That Brisyn could fall- No, she was a tower- a fortress. Dependable. _And I let a dead thing stab her in the back. In the_ back. 

“ _Think again shield-wall, on your feet._ ” 

The undead were beginning to break through her hastily cast ice, and Jaina felt her control snapping with it. It was dark, and she couldn’t see, save for the glitter of mana off of the glaze of ice and rain. She knew that if she killed this swarm, more would come, called by her skill. But what was she supposed to do? Leave Brisyn to her fate? Even as she thought it, the glow of more empty eyes turned to her. A steady, shambling march of indiscriminate hunger. 

Jaina crouched down, slinging Brisyn’s arm over her shoulders, “ _You’ll stand for me, Bright-unbroken-one, won’t you?_ ” 

Brisyn tried. Her feet slid, sinking deep into the wet sand. She moaned, holding herself against the strap of her shield like a crutch. She looked up through her wet bangs, and smiled. Bloody teeth, “ _It has been an honor to serve you,_ ” She wheezed slightly, coughing hot blood onto Jaina’s cheek. 

Jaina dug her fingers into Brisyn’s arm, banishing her staff to pull more of her spellbreaker’s weight across her back _. Light,_ she was heavy, even in parade armor. 

“ _I swear to the Tides_ ,” Jaina grunted, keeping an eye on the approaching mass, horror rising in her chest, “ _I swear, Brisyn-loyal-trusted friend-- I'll tan your hide and wear you as cape if you don’t-_ ” Jaina felt the moment Brisyn went slack, no longer trying to brace against Jaina’s smaller frame- “No _. Don’t you_ **dare**.” 

“ _Go, Jaina. May the sun warm your way_.” 

Jaina wailed. _More friends and more ruined cities._ She was unwilling to leave her here- unwilling to bury another friend. 

“Get up- _fuck_ the sun.” She clung to Brisyn’s arm, sobbed into it as the crackling of ice and the slap of trudging feet swelled like a chorus, “ You can do it. You can walk.” 

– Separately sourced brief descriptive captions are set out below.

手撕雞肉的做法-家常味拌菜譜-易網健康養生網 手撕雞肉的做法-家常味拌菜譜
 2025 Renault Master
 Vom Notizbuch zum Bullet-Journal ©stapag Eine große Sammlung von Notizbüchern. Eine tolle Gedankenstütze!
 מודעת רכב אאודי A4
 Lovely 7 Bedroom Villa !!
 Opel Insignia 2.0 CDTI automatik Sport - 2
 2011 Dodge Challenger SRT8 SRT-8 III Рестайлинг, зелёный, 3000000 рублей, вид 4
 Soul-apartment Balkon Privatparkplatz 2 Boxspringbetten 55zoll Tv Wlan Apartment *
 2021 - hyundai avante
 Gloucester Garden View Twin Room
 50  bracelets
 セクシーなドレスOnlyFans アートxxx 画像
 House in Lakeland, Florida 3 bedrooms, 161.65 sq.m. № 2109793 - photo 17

Jaina wasn’t a healer. She could feel Brisyn dying in her arms, and it was too much. _Too much Kinndy, too much Pained, too much Rohnin_ . Would Anya come to resent her, as Vereesa had? It was Theramore after all... No, Jaina wasn’t a healer, but she tried. Nothing happened. She yelled, defiant, and wordless. She struggled one step, dragging Brisyn across the sand. The weapon dislodged, and Jaina felt the warmth of blood wash over her own flank. Jaina could smell them over the copper in her nose, feted and briny and – _No, no, no._ Jaina’s grip was failing, her soldier was too heavy. She tried again, less artfully. _Please_ . Still nothing. But she didn’t stop. Jaina poured mana into Brisyn like she was an empty cup. She knew the woman was a spellbreaker, resistant, trained to stop exactly what Jaina was trying to do- but Jaina couldn’t _not_ chase hope. A choking gasp, and then steam was rising from Brysin’s stained armor, the raindrops sizzling on her shield, brought to bear in time against the dead grasping for them both. 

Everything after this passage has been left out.